As The Cleveland Orchestra’s 100th anniversary season winds down this week, what better for a finale than Franz Welser-Möst’s “Prometheus Project,” a cycle of all of Ludwig van Beethoven’s symphonies, four overtures, and the Grosse Fuge? Welser-Möst’s argument for this venture was Beethoven’s philosophical attitude: as a man of the age of Enlightenment, modeling humans fighting for the good of mankind, as did the ancient Greek superhero Prometheus. In several essays for the souvenir program book for this cycle, Welser-Möst commented on Beethoven’s philosophy as reflected in the composer’s works. The week ended with a three-performance series including Beethoven’s Symphony no. 9 in D minor, Op.125, with the Grosse Fuge in B flat major, Op.133 as the opener, showing The Cleveland Orchestra in absolutely top form.
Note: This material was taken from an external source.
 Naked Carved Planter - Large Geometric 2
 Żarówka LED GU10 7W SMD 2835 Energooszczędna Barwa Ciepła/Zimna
The Grosse Fuge is one of Beethoven’s most mysterious works, originally intended as the last movement of the String Quartet, Op.130, but jettisoned to become an independent work. It is one of Franz Welser-Möst’s signature pieces; he has performed it with The Cleveland Orchestra on several previous occasions. As much challenged intellectually by the relationship of Beethoven’s philosophy to his late, thorny, experimental music, The Cleveland Orchestra brought precision of intonation and unity of phrasing that, in a performance by a lesser group, could have been a muddled mess. The double basses doubled the cello part, and despite their accuracy, there was a bottom-heavy, dark sound to the performance.
The “grand fugue” consists of several sections, not all of which are contrapuntal. A mysterious introduction precedes the first fugal section with its sharply dotted rhythms and complex counterpoint that winds back around itself. A lyrical melody interrupts out of nowhere, followed by more fugal passages. Although the music becomes increasingly fragmented and tortured until its end, Franz Welser-Möst clearly delineated Beethoven’s structure.